Com formação instrumental que inclui tambores, atabaques, agogô, pandeiro, trazendo a potência da música baiana, o samba-reggae coloca em suas canções a cultura negra no centro, sempre com as expressões de origem africana para dar espaço ao protagonismo de quem é de direito, além de cantar, também, a realidade local, fazendo jus ao ato político que é a arte.
Na dissertação apresentada em 2016 na Ufba pela jornalista e pesquisadora Víviam Caroline, que também é percussionista e cantora no projeto Águas de Sambas, o samba-reggae foi capaz de "possibilitar um novo paradigma musical no país", além de conseguir:
"Se estabelecer como ferramenta de afirmação de uma identidade afro-brasileira incrementando vivências no cotidiano da comunidade e de seus agentes, capaz de rasurar, ratificar e acrescentar novos lugares de fala e de poder não apenas para os sujeitos diretamente afetados pelo processo criativo, mas de toda a cidade que encontra em seus novos processos rítmicos boas chances de evidenciar sua riqueza cultura."
O estilo único da Bahia conquistou não só quem consumia a música de forma local. O samba-reggae ultrapassou as fronteiras geográficas e se tornou apreciado em outros cantos do mundo, sendo associado a nomes como Paul Simon, o primeiro grande nome internacional a levar o Olodum para o mundo; Michael Jackson, que gravou uma versão da música 'They Don't Care About Us' ao lado do Olodum no Pelourinho, além de Jimmy Clif. O samba-reggae também rendeu ao Olodum um exclusivo Grammy na categoria World Music em 1991, e consagrou a criação de mestre Neguinho do Samba no cenário musical internacional.

Foto: Divulgação/ Olodum
"Considerando a importância do registro do Samba Reggae como patrimônio imaterial da cidade de Salvador, com o objetivo de realizar a identificação e produção de conhecimento sobre o bem cultural pelos meios técnicos mais adequados e amplamente acessíveis ao público, permitindo a continuidade dessa forma de patrimônio", pediu Silvio Humberto no documento que propõe o reconhecimento.
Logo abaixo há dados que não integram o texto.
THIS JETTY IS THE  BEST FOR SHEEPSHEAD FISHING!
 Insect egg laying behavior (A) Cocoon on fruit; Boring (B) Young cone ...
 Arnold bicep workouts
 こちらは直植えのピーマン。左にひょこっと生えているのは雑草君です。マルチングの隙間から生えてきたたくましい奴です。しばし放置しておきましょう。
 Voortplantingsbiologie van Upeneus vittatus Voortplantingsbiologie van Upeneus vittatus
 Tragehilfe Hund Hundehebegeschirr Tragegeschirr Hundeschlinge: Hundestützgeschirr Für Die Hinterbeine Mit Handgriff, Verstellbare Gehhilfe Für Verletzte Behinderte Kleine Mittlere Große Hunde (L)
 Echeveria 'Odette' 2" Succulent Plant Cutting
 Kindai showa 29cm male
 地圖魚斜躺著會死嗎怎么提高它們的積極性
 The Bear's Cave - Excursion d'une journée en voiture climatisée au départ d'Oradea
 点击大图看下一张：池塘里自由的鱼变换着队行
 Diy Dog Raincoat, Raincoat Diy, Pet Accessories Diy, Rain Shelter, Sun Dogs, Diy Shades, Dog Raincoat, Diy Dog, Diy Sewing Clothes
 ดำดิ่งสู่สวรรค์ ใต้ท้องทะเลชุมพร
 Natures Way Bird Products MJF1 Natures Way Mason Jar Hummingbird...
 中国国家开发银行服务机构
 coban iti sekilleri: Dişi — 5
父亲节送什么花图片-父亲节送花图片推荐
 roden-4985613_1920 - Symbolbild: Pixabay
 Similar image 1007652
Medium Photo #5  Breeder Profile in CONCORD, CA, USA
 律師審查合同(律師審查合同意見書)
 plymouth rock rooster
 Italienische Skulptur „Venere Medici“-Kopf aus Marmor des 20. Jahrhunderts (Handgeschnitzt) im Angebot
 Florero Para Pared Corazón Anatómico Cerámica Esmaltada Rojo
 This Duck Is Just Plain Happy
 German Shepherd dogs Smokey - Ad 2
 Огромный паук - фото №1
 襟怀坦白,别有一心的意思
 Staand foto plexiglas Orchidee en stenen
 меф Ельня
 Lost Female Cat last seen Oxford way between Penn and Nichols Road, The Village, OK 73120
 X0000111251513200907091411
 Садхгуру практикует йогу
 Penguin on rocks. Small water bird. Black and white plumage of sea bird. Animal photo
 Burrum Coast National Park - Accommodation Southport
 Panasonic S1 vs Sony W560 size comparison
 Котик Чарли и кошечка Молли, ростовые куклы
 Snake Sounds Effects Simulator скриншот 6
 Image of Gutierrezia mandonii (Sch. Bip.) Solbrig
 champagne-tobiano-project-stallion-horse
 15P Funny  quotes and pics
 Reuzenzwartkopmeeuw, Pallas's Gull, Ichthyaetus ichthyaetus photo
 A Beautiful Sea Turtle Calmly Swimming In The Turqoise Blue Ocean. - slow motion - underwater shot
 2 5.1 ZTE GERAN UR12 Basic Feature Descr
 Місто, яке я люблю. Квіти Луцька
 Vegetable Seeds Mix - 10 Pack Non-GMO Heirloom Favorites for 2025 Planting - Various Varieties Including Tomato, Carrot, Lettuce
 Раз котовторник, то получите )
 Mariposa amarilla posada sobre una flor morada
A convenção do título de 'Patrimônio Imaterial' dará ao samba-reggae: a salvaguarda do patrimônio; o respeito ao patrimônio cultural imaterial das comunidades, grupos e indivíduos envolvidos; a conscientização no plano local, nacional e internacional da importância do patrimônio cultural imaterial e de seu reconhecimento recíproco; e a cooperação e a assistência internacionais.